PCB sind schwer abbaubar und können sich leicht im Fettgewebe von Menschen und Tieren anreichern. Gefährlich kann es werden, wenn zur üblichen Hintergrundbelastung eine weitere hinzukommt. Zum Beispiel der langjährige Aufenthalt in belasteten Räumen.

Zu möglichen Folgen für die Gesundheit schreibt die Stadt: „Die Auf- oder Einnahme geringer Mengen von PCB-Gemischen über einen längeren Zeitraum hinweg kann noch nach einigen Jahren/Jahrzehnten zu gesundheitlichen Problemen führen.
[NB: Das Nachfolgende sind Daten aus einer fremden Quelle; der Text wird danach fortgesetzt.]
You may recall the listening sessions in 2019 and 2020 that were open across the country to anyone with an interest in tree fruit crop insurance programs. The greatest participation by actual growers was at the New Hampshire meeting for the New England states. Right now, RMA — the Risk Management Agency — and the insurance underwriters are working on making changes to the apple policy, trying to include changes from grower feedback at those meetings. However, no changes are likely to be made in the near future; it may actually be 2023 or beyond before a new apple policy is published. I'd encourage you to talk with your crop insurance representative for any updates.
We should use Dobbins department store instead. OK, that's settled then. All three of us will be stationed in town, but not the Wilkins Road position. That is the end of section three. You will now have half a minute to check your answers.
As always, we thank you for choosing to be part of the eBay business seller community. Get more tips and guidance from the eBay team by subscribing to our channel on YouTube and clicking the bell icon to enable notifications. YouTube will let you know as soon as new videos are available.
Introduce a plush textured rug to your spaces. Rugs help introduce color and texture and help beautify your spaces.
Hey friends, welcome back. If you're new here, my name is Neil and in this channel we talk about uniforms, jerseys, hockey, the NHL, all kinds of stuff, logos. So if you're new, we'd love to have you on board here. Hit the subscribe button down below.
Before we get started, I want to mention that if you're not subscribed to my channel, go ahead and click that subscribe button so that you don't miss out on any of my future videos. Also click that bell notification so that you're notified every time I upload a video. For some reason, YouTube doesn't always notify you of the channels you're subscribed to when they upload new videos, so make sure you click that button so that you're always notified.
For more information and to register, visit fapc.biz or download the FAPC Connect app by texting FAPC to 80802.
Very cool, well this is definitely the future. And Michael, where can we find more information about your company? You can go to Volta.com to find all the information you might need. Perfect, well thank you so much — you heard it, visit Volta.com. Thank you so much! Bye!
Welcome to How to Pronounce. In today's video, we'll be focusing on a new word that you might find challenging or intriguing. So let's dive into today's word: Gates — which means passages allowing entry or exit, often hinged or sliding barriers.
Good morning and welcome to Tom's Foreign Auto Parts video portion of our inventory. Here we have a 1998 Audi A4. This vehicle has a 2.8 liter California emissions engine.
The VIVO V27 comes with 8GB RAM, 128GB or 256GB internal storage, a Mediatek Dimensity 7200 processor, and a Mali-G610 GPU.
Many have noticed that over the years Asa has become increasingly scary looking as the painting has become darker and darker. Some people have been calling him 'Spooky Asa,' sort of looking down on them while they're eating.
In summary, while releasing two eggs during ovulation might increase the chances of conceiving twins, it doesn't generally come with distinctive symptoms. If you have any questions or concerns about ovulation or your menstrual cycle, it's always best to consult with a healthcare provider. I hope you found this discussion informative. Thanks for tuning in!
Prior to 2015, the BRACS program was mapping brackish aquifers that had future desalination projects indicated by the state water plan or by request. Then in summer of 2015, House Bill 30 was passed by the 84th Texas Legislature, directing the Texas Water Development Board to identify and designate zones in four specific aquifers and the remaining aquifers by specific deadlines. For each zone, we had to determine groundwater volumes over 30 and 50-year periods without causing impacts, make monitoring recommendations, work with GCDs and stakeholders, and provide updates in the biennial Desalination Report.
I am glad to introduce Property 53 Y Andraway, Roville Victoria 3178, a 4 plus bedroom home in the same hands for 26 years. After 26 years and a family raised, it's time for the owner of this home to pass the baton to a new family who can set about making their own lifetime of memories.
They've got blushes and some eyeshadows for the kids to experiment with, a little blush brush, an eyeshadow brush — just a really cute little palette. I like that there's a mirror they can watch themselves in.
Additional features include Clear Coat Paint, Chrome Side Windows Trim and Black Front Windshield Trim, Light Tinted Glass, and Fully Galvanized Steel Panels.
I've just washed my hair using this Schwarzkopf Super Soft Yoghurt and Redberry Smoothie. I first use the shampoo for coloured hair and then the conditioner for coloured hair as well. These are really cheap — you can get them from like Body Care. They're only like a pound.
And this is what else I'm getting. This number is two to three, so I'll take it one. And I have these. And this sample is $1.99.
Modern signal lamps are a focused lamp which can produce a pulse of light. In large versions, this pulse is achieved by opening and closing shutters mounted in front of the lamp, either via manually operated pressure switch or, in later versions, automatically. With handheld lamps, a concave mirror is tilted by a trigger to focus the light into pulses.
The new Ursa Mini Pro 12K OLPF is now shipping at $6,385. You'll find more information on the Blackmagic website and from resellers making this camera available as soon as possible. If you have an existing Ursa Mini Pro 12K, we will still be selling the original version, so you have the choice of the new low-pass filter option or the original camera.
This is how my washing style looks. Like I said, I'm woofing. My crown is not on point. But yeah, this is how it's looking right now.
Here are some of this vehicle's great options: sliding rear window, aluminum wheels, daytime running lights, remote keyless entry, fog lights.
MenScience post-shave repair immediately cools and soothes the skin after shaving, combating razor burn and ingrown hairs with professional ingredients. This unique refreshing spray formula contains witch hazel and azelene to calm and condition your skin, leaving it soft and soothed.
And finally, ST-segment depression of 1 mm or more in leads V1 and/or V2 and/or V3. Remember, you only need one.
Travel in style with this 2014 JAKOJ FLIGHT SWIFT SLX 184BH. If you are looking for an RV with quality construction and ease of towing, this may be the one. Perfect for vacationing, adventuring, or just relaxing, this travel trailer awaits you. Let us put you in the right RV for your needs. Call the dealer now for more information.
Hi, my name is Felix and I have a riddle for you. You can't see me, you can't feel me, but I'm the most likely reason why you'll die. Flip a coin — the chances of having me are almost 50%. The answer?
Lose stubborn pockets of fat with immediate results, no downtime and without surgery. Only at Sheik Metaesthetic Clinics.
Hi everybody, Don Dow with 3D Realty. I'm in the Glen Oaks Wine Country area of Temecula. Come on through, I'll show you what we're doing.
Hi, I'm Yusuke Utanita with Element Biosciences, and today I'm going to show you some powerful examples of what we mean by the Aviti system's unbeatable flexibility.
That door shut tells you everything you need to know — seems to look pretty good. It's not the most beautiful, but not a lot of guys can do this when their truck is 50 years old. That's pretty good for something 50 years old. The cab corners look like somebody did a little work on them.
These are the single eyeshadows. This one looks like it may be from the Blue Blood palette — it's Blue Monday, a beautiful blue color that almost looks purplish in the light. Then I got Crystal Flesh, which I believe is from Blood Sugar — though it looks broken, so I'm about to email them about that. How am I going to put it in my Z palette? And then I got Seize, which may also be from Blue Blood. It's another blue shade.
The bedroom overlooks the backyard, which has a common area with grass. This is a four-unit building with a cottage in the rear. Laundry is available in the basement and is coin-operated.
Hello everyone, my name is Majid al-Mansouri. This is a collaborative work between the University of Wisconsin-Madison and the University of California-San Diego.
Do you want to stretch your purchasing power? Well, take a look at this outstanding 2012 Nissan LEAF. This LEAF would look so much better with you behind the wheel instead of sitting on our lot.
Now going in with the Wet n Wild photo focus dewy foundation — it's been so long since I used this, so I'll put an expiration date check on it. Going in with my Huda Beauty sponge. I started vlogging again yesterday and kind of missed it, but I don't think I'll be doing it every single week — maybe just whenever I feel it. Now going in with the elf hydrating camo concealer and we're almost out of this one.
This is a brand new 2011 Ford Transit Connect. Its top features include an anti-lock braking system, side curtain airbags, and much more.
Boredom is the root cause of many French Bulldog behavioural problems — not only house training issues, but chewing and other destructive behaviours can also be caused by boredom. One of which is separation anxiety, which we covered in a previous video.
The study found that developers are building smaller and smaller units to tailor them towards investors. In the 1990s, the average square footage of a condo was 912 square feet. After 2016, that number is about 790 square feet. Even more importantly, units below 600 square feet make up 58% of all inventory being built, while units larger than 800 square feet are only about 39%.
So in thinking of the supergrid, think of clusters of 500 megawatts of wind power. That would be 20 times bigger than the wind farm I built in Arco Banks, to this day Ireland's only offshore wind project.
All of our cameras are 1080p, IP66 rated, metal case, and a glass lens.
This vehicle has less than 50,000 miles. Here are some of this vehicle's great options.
Die Forschung geht davon aus, dass es unter anderem zu Immunerkrankungen und Hautschäden sowie zu erhöhten Infektanfälligkeiten kommen kann.“ Grundsätzlich erfolgt die Aufnahme von PCB allerdings nur in geringen Anteilen über das Einatmen. Und: „Bei direkten Tätigkeiten am Arbeitsplatz mit PCB-haltigem Material kann eine Aufnahme auch über die Haut erfolgen, wenn kein geeigneter Arbeitsschutz (Arbeitskleidung und Sicherheitsmaßnahmen am Arbeitsplatz) existiert.“

In einer früheren Version stand, dass die Sekundarschule in der Balker Aue neu errichtet wird, anstatt Am Hammer. Das bitten wir zu entschuldigen.